5. In industry, calcium oxide is used to remove sulfur dioxide (SO2) from flue gases. As a rule, a 15% aqueous solution is used. As a result of the reaction, in which sulfur dioxide also interacts, gypsum CaCO4 and CaCO3 are obtained. When conducting experiments, scientists achieved an indicator of 98% of smoke removal from sulfur dioxide.
6. Used in special "self-heating" dishes. A container with a small amount of calcium oxide is located between the two walls of the vessel. When the capsule is pierced in water, a reaction begins with the release of a certain amount of heat.

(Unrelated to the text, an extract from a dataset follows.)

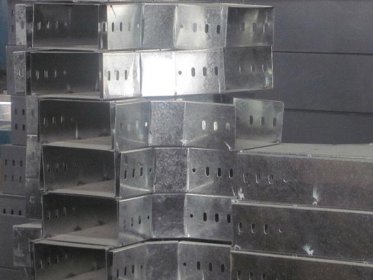 济南槽式电缆桥架和济南梯式桥架有何作用区别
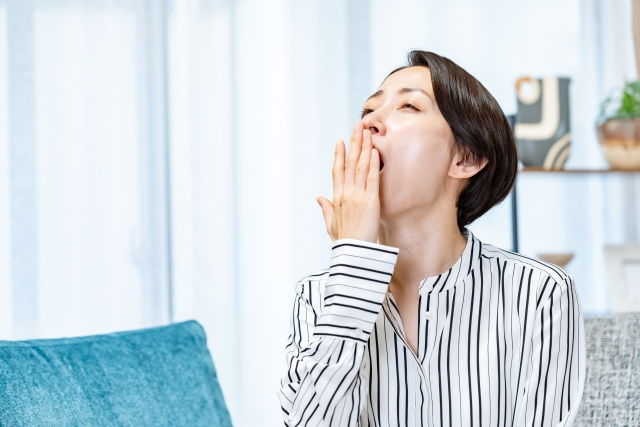 あくび　女性　クマ取りは後悔する？40代老け見えの原因とクマ取りで失敗しないための対策法｜NERO DOCTOR / BEAUTY（美容医療）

Calcium oxide, the formula CaO, is often referred to as quicklime. This publication will tell you about the properties, production, and use of this substance.
Definition
Calcium oxide is a white crystalline substance. In some sources, it may be called calcium oxide, quicklime, "boiling" or kirabite. Quicklime is the most popular trivial name for this substance. It is the only and highest calcium oxide.
Properties
Oxide is a crystalline substance having a cubic face-centered crystal lattice.
It melts at a temperature of 2570 o C and boils at 2850 o C. It is a basic oxide, its dissolution in water leads to the formation of calcium hydroxide. The substance may form salts. To do this, it must be added to an acid or acid oxide.
Receipt
It can be obtained by thermal decomposition of limestone. The reaction proceeds as follows: calcium carbonate is gradually heated, and when the temperature of the medium reaches 900-1000 ° C, it decomposes into gaseous tetravalent carbon monoxide and the desired substance. Another way to obtain it is the simplest compound reaction. To do this, a small amount of pure calcium is immersed in liquid oxygen, followed by a reaction, the product of which will be the desired oxide. Also, the latter can be obtained in the process of decomposition of calcium hydroxide or calcium salts of certain oxygen-containing acids at high temperatures. For example, consider the decomposition of the latter. If you take calcium nitrate (the residue is taken from nitric acid) and heat it to 500 ° C, then the reaction products will be oxygen, nitrogen dioxide and the desired calcium oxide.
Application
Basically, this substance is used by the construction industry, where it is used to produce silicate bricks. Previously, calcium oxide was also used in the manufacture of lime cement, but soon the latter was no longer used due to the absorption and accumulation of moisture by this compound. And if it is used for laying the stove, then when heated, suffocating carbon dioxide will soar in the room. Also, the substance now discussed is known for its resistance to water. Because of this property, calcium oxide is used as a cheap and affordable refractory. This compound is indispensable in any laboratory when drying substances that do not react with it. Calcium oxide is known in one industry as food additive E529. Also, a 15% solution of this substance is needed in order to remove sulfur dioxide from some gaseous compounds. With the help of calcium oxide, "self-heating" dishes are also produced. This property is provided by the process of heat release during the reaction of calcium oxide with water.
Conclusion
That's all the basic information about this compound. As mentioned above, it is often referred to as quicklime. Did you know that the concept of lime in chemistry is very flexible? There are also slaked, bleach and soda lime.